View attachment 036.jpg


View attachment 070.jpg


View attachment Old pics 032.jpg


View attachment 007.jpg


----------



## MarkWood

this my brother gettin pulled over in the 77 chevy K20 he bought tonite. we drove an hour and a half to look at it we found a few issues while we were looking at it so we talked the guy down from $2000 to $1660 one of the issue was the new mufflers that he said the truck had were still in the tool box the pipes are cut off right behind the cab which is why he got pulled over it's a bit loud!!! i reckon I'll be welding some mufflers on sometime this week.


----------



## Chris

Sure is invisible....


----------



## MarkWood

ooops forgot the pic, here it is 

View attachment BLUE THANG PULLED OVER.jpg


----------



## MarkWood

its not the best shot but what do you expect in the rain from 100 yards away taken with a phone.


----------



## oldognewtrick

Whats a matter Mark, afraid to get to close? Do you think handcuffs are contagious or sumthin?  

Tell him congrats on the truck, I love those 70's chevys.


----------



## MarkWood

not crazy bout them handcuffs. i'm sure i'll post a build thread of the 77.......


----------



## oldognewtrick

We have a laborer that works for us who said "I can't drink Tequila cause everytime I do, it makes me break out in a bad case of handcuffs"


----------



## Chris

I want a 73-75 F250 if you have one laying around.


----------



## Trophyman

Test fitting engine/trans (LT4/4L80E) and got the rear hung in with polished/stainless triangulated 4 bar. Still gotta fab a trans mount. Then strip it all down and send frame to powder coater.

Comin along. 

View attachment chassis fit up.jpg


----------



## Trophyman

Went to the shop this morning and found my help SLEEPING on the job, litterally! 

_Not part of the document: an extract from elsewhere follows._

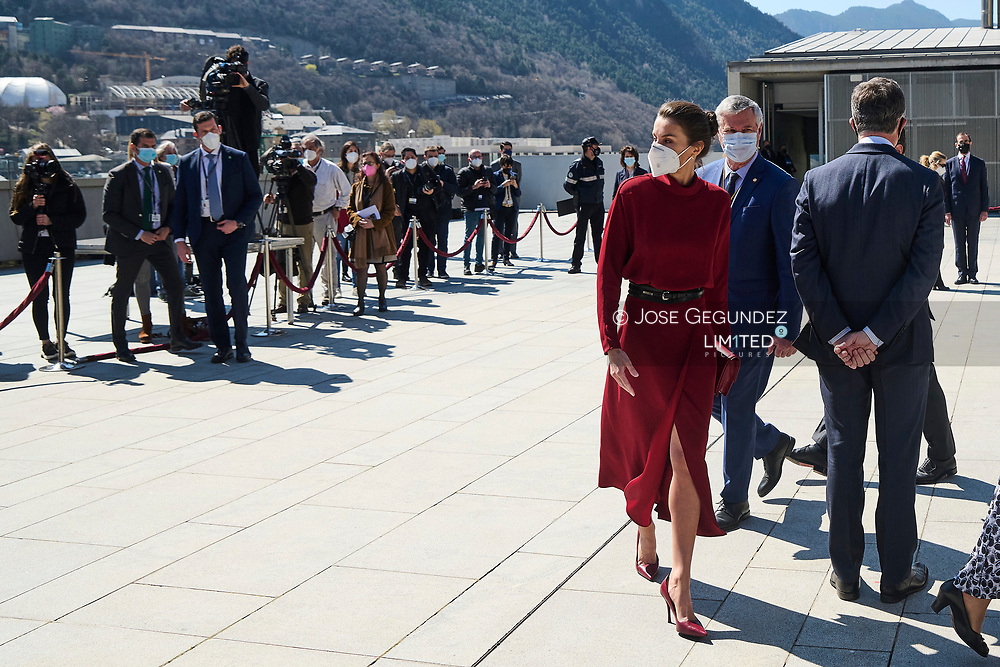 Queen Letizia of Spain attend official reception with national honours and national symbols during 2 day State visit to Principality of Andorra at Casa de la Vall on March 25, 2021 in Andorra la Vella, Principality of Andorra <br />
The two day trip marks the first visit to Andorra since King Felipe's enthronement and is also the first foreign trip since the begin of the Coronavirus pandemic.
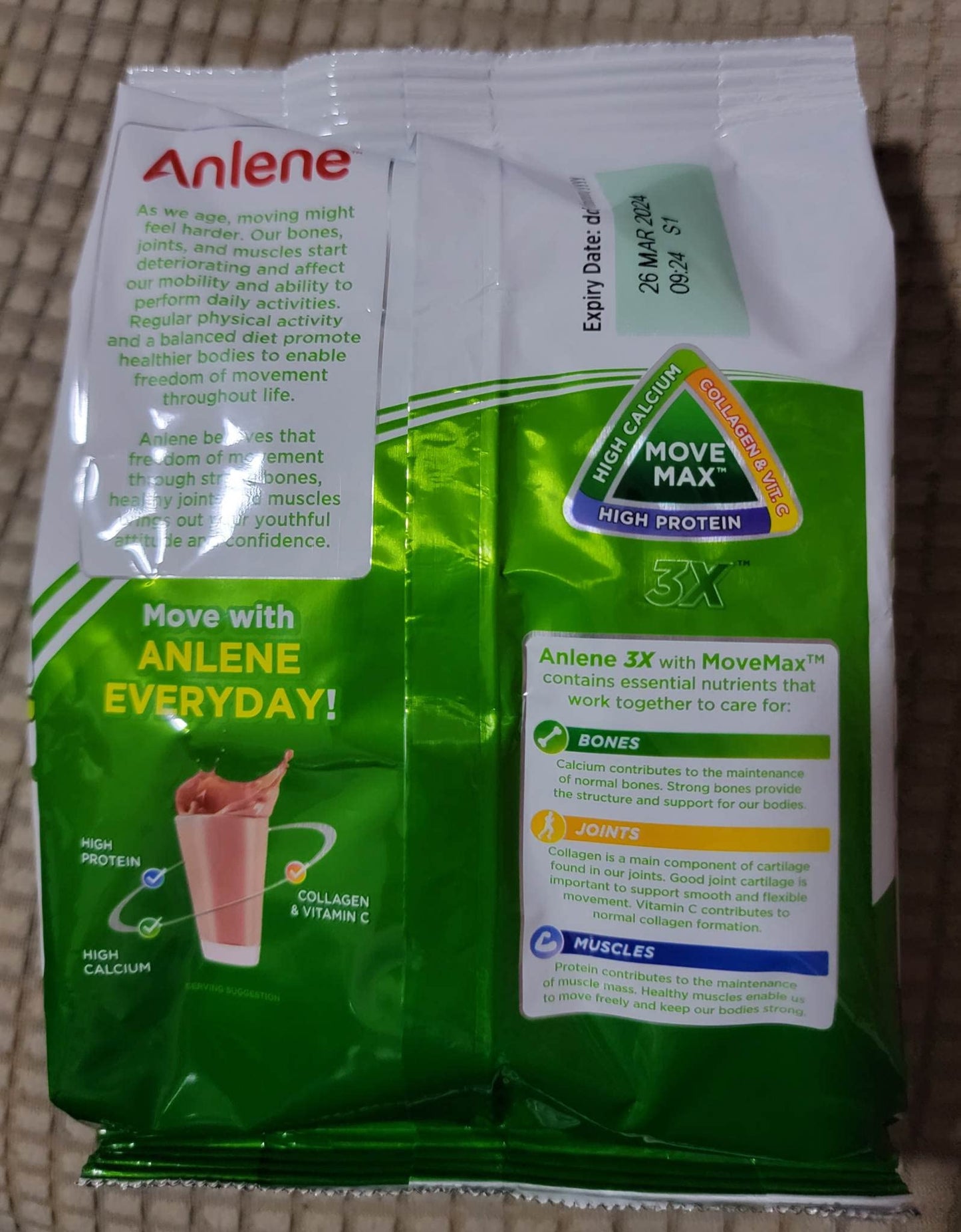 Anlene Powder Chocolate Flavor with Collagen, High Vitamin B6 & B12, C, D, E, High Protein, Magnesium, Zinc Reduced Fat Powdered Milk Drink, 10.58 oz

View attachment helper.jpg


----------



## oldognewtrick

What are you building, Trophyman? (I know a car...)


----------



## MarkWood

heres my logo what do ya'll think? i havent put it on my trucks or trailer yet i want to make sure i like it before i spend the $$ 

View attachment Markwoodcarpentry.jpg


View attachment Markwoodcarpentrydickieshirt.jpg


----------



## oldognewtrick

I think it looks nice.


----------



## havasu

Looks good, but I myself would use a catch phrase like "Custom Carpentry"


----------



## MarkWood

yeah i've really been thinking about changing the name from just carpentry to some thing else i do way more than just carpentry my business covers everything from carpentry to welding and metal fab. but its been mark wood carpentry for so long thats what everyone knows the business by. i will probably change it i just cant think of anything that has a good ring to it. i like the sound of custom carpentry but it still doesnt cover everything.


----------



## MarkWood

I'm really more of a craftsman than just a carpenter. and nobody suggest the word handyman cause that aint happenin.


----------



## Trophyman

WoodRacing said:


> heres my logo what do ya'll think? i havent put it on my trucks or trailer yet i want to make sure i like it before i spend the $$



Turns out that vehicle/vinyl graphics is one of the biz I owned and opperated for quite a while. If you came to my shop and presented this concept, I would try to talk you out of the "Mark Wood" font. It looks like something from the OptiscriptEF-BoldAlt family. 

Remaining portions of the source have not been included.